Cuando un viajero se acerca al jefe del tren, enfadado, el jefe le preguntará si su objetivo era llegar al destino o no, y ya están llegando. Si el viajero le responde que llegar al destino dentro del tiempo marcado, esto que ya es una protesta se combatirá atribuyendo al viajero agresividad, en lugar de enfado y justificado. Con la agresividad se puede ya pensar en el paso previo a la criminalización de una protesta. Así es como esta sociedad está dejando de ser democrática, mediante la estrategia de estigmatizar como criminal toda protesta. Esta extensión de una cultura contraria y enemiga de cualquier protesta, por incómoda, abona el terreno para que luego lleguen las condenas por protestar legítimamente.

Así tenemos que el proceso conocido como el procés, en realidad una protesta que gustará más o menos, pero protesta y como tal democrática, resulta calificada como sedición o, peor, como rebelión. Aquí se dio el paso siguiente al del ferrocarril. Con el retraso del tren el que protestaba era, por hacerlo, agresivo; en Barcelona, la protesta dejó de ser agresiva, en su calificación posterior, para ser violenta, aunque nadie vio ni las armas de los gobernantes que protestaban ni la violencia de los manifestantes. De esta manera, se escribió el cuento de lo que pasó, en el tren o en Barcelona, sin que el cuento fuera verdad, que ya se sabe que los cuentos, cuentos son.

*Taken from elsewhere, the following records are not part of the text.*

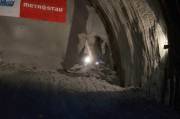 Prerážka južného tubusu -tunel Zilina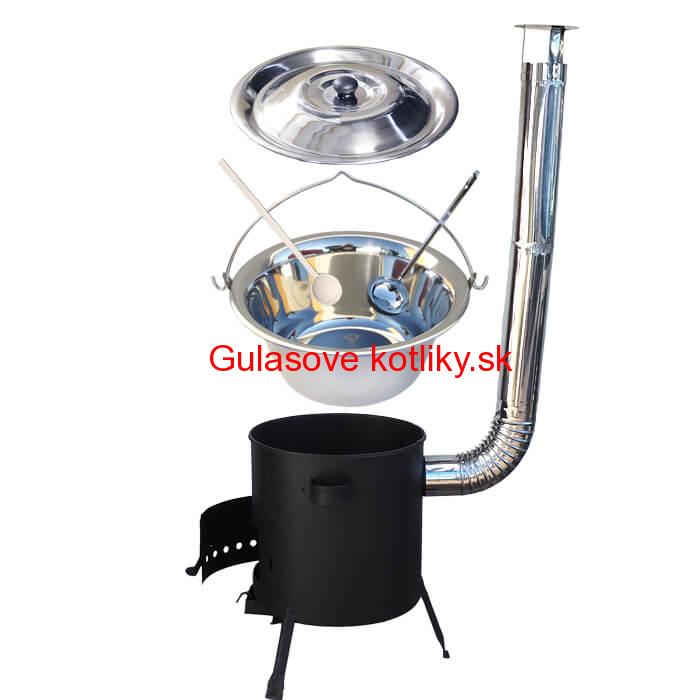 Antikorový kotlík 22 L (0,8 mm) + žiaruvzdorná kotlina (1 mm) 42 PLUS 600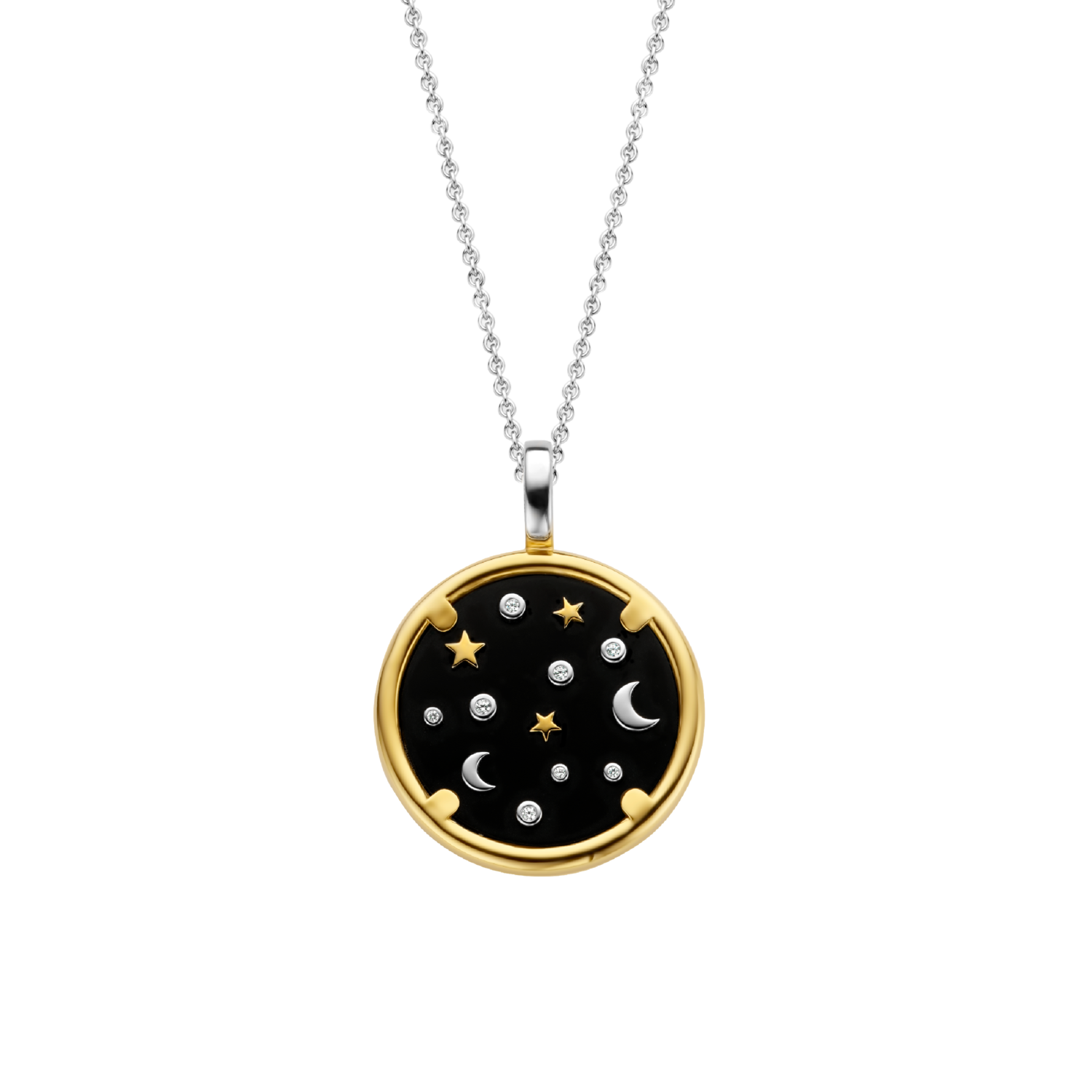 Ti Sento Moon Star Necklace | Ti Sento Milano | Luby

En este contexto de convertir la realidad en una ficción, y que los cuentos sean la vida, en lugar de solo ser cuentos inventados, ficcionales, llega una decisión de la presidenta del Congreso de los Diputados con la que le retira el acta de diputado a Alberto Rodríguez, diputado canario por Unidas Podemos. Si hay algo intocable, en ese sentido sagrado, en una sociedad democrática es el Parlamento. Esa intocabilidad se practica gracias a que solo por decisión del Parlamento un diputado deja de serlo, y según normas muy estrictas. Aquí el cuento ha sido algo más complicado de seguir, casi como si fuera una saga antigua.

Al diputado se le juzga en única instancia en el Tribunal Supremo, algo muy criticado en toda Europa, y por la ONU, dado que toda persona tiene derecho a una segunda instancia. La valoración de las pruebas contra el diputado, durante el juicio, ha sido muy criticada por eminentes juristas. La condena, como explican también eminentes profesores del Derecho, no hacía ni posible ni necesaria la retirada del acta de diputado, salvo que el diputado se negara a pagar la multa establecida, esto es, a cumplir una sentencia sin unanimidad. El tribunal sentenciador pone, según muchos periódicos, bajo inmensa presión al Congreso. Los letrados del Congreso se pronuncian inequívocamente contra las pretensiones del Tribunal Supremo. La Mesa del Congreso vota mantener al diputado, pero la presidenta del Congreso realiza una consulta fuera de lugar al Supremo y termina por negar al diputado que lo siga siendo.

Todo empezó por una protesta, democrática, legítima, de la que surgió todo un cuento en el que, al final, pocos fueron felices o comieron perdices.